Stay-cations are great, in theory, but in actuality, who wants to spend summer in NYC with its relentless heat and humidity? It’s like living in a big armpit. And San Francisco’s summers are really like winter in most other places. When my NYC girlfriend suggested we steal away for a well-deserved getaway, awww, who am I kidding, not well-deserved at all but highly coveted, I said, “ If you want to cross the pond luv, I’m down.”
It’s been a while since I had visited London, which thankfully has figured out that they had to come up with more than pasties, shepherds pie, fish and chips and beer to keep sophisticated food loving tourists happy. And once you head out of town and start exploring some of the neighboring towns, you’ll be blown away by the number of restaurants offering farm fresh, “slow-food” cuisine, many with award-winning wine lists.
All the makings of a perfect girlfriend getaway, so tally-ho, off we go. Follow any or all of our meanderings through England, there wasn’t a soggy chip in the batch. We started and finished our explorations in London, with a welcome touch of luxe at two different, yet equally wonderful, 5 * boutique hotels that cater to women travelers.
After touching down at Heathrow:
we had previously booked a shuttle into town in order to save a few pounds (to put towards a high tea-which I’m sure added a few pounds.) I had made an on-line reservation with Dot 2 Dot which delivered us to our hotel in a safe and timely manner for around $25. Super deal and I would definitely use them again.

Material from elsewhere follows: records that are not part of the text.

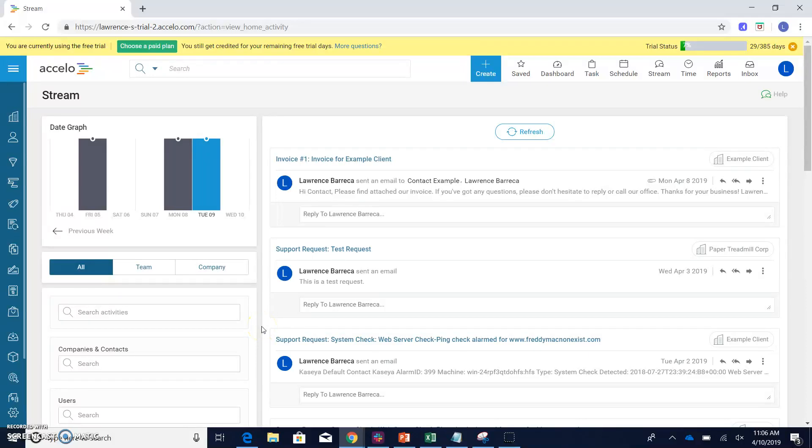Hi there, this is Lawrence with Excello, and in this quick video, we're just going to run through how to create a company or client in your Excello deployment.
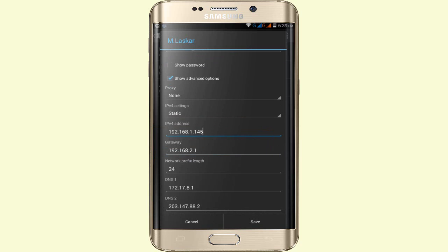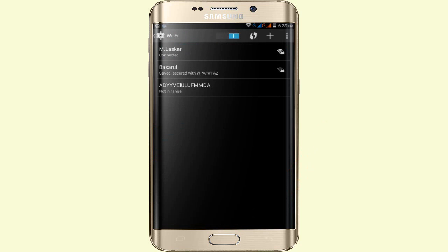You'll see other options like Gateway, Network Prefix Length, DNS 1, and DNS 2. Do not touch these options and do not rename them. Simply tap on Save and your WiFi will connect to the network. This simple method you can try and apply.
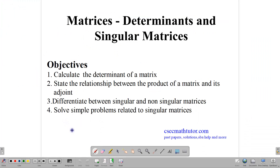Hi everyone, welcome back to class. In this lesson, we're going to be talking about determinants and singular matrices.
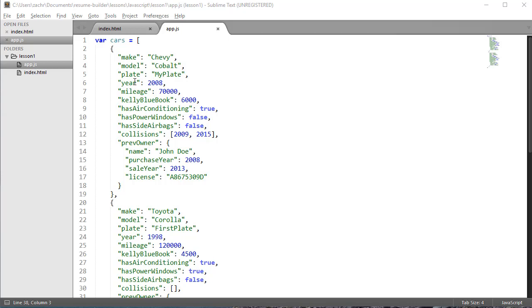Remember we stated a few lessons back that HTML builds the initial DOM, the document object model that our browser uses to render our website. CSS grabs elements from that document object model to style them, and JavaScript dynamically changes some of those elements within our DOM according to the instructions that we write. This is the point now where we're going to write some instructions that actually change some objects of our DOM.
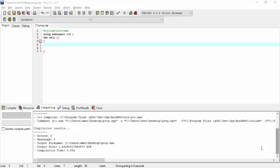As we saw in the previous lecture, a pointer must be declared before it is used. It is always a good practice to assign the pointer a null value in case you do not have the exact address to be assigned. This is done at the time of variable declaration.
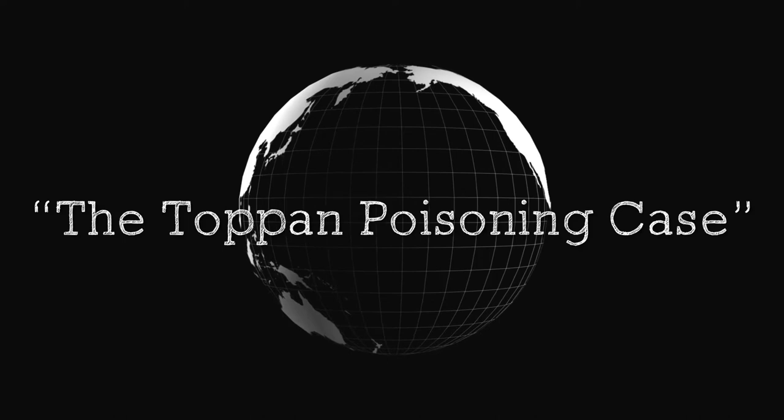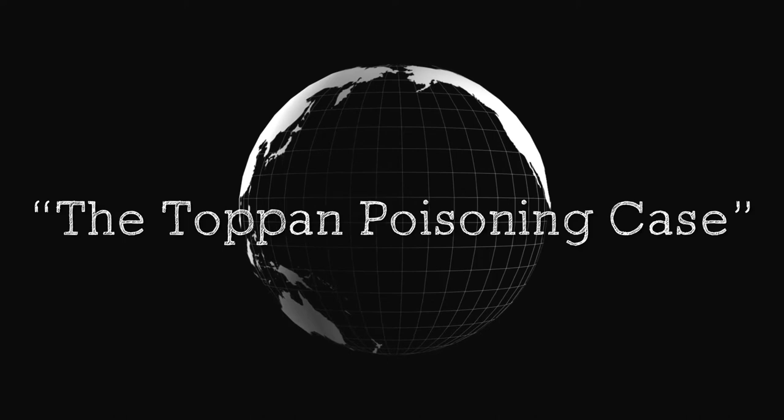The Toppin Poisoning Case. A sensational trial is promised in Massachusetts, Boston, November 3rd.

The Draycott, formerly the genteel residence of Lord Cadogan, built in the 1890s, consists of three red-brick houses tucked away on a picture-perfect street between Chelsea and Knightsbridge. The rooms are HUGE by London standards, perfect for two girlfriends who were pushing the luggage weight limits. Decorated with Victorian antiques, the guestrooms convey sophisticated grandeur, yet are filled with homey touches, such as the Draycott teddy bear perched on your bed. We stayed in the Gilbert suite (the guestrooms are named after famous theatrical or literary personalities) which had double closets, a writing desk, a well-lit make-up table and overlooked the private garden.
Too plentiful to list them all, but for starters: Spacious suites with fireplaces, mini bars, free computer, complimentary tea and cookies, champagne and nightcaps are served in the drawing room. Wonderful full English breakfast. Outdoor Garden perfect for a safe evening stroll. Gracious service was provided by all the staff. Instead of the loathsome “No problem” reply to a “thank-you,” they answer, “My pleasure. Is there anything else I can do for you?”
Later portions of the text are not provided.